The Lucy specimen is an early Australopithecine and is dated to about 3.2 million years ago. It was found in the Awash Valley of Ethiopia in 1974.

"This type of preservation is unprecedented, particularly in a young individual whose vertebrae are not yet fully fused," Alemseged added.

Many features of the human spinal column and rib cage are shared among primates. But the human spine also reflects our distinctive mode of walking upright on two feet. 

For instance, humans have fewer rib-bearing vertebrae — bones of the back — than those of our closest primate relatives. 

Humans also have more vertebrae in the lower back, which allows us to walk effectively.

When and how this pattern evolved has been unknown until now because complete sets of vertebrae are rarely preserved in the fossil record.

"Selam has provided us the first glimpse into how our early ancestors' spines were organised," said Carol Ward, Professor at University of Missouri School of Medicine, and lead author on the study.

In order to be analysed, Selam had to take a trip. She travelled to the European Synchrotron Radiation Facility in Grenoble, France, where Alemseged and the research team used high-resolution imaging technology to visualise the bones.

The scans indicated that Selam had the distinctive thoracic-to-lumbar joint transition found in other fossil human relatives, but the specimen is the first to show that, like modern humans, our earliest ancestors had only twelve thoracic vertebrae and twelve pairs of ribs.
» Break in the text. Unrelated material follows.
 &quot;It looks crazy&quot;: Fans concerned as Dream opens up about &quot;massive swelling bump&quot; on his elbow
That is fewer than in most apes.

The findings were published in the journal Proceedings of the National Academy of Sciences.

"This unusual early human configuration may be a key in developing more accurate scenarios concerning the evolution of bipedality and modern human body shape," Thierra Nalley, Assistant Professor of anatomy at Western University of Health Sciences in Pomona, California, also an author on the paper.
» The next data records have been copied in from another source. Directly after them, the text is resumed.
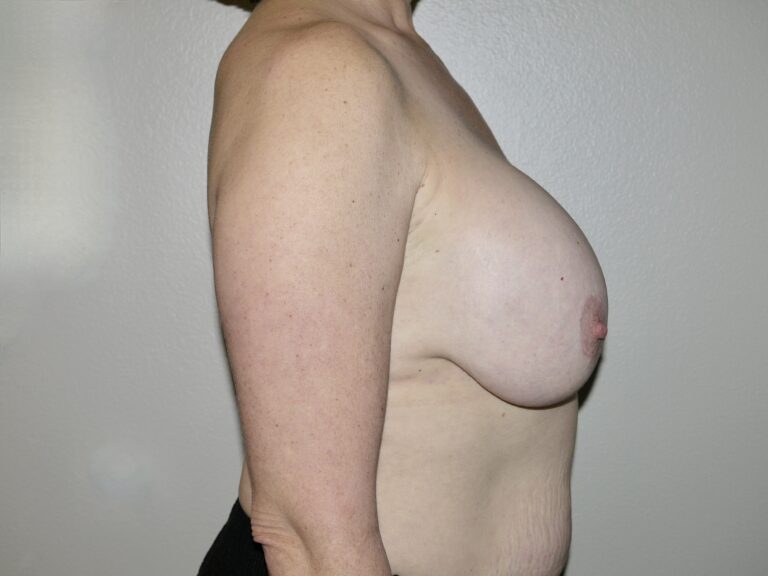 Before Image: Breast Implant Removal with Lift - right-side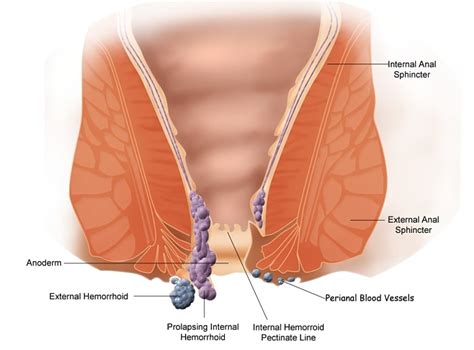 Hemorroides externas causas síntomas y tratamientos
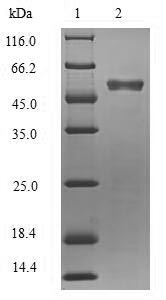 (Tris-Glycine gel) Discontinuous SDS-PAGE (reduced) with 5% enrichment gel and 15% separation gel. (Tris-Glycine gel) Discontinuous SDS-PAGE (reduced) with 5% enrichment gel and 15% separation gel.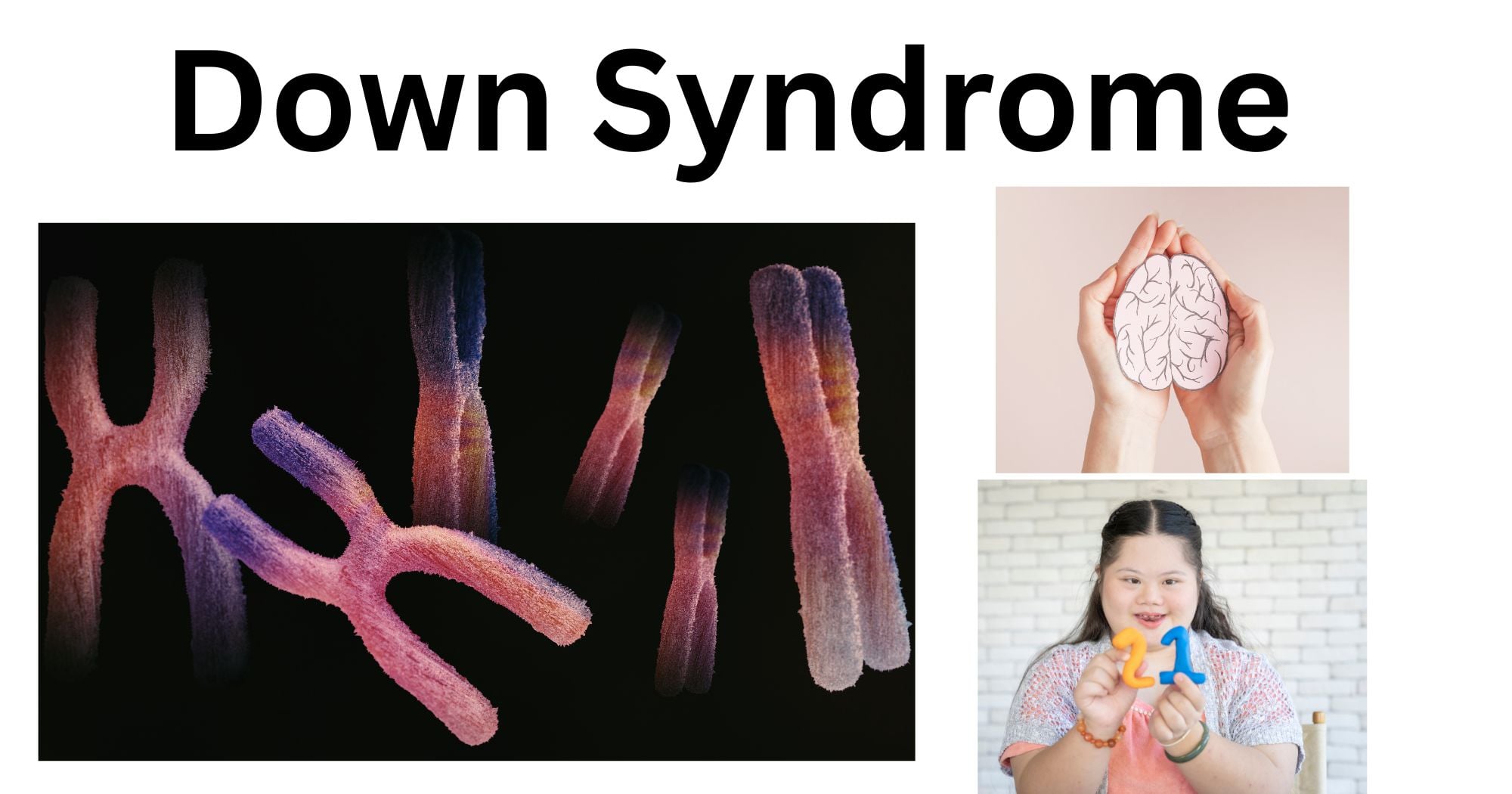 Down Syndrome Down Syndrome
This configuration marks a transition toward the type of spinal column that allows humans to be the efficient, athletic walkers and runners we are today.

"We are documenting for the first time in the fossil record the emergence of the number of the vertebrae in our history, when the transition happened from the rib-bearing vertebrae to lower back vertebrae, and when we started to extend the waist," Alemseged said. 

"This structure and its modification through time is one of the key events in the history of human evolution," Alemseged said.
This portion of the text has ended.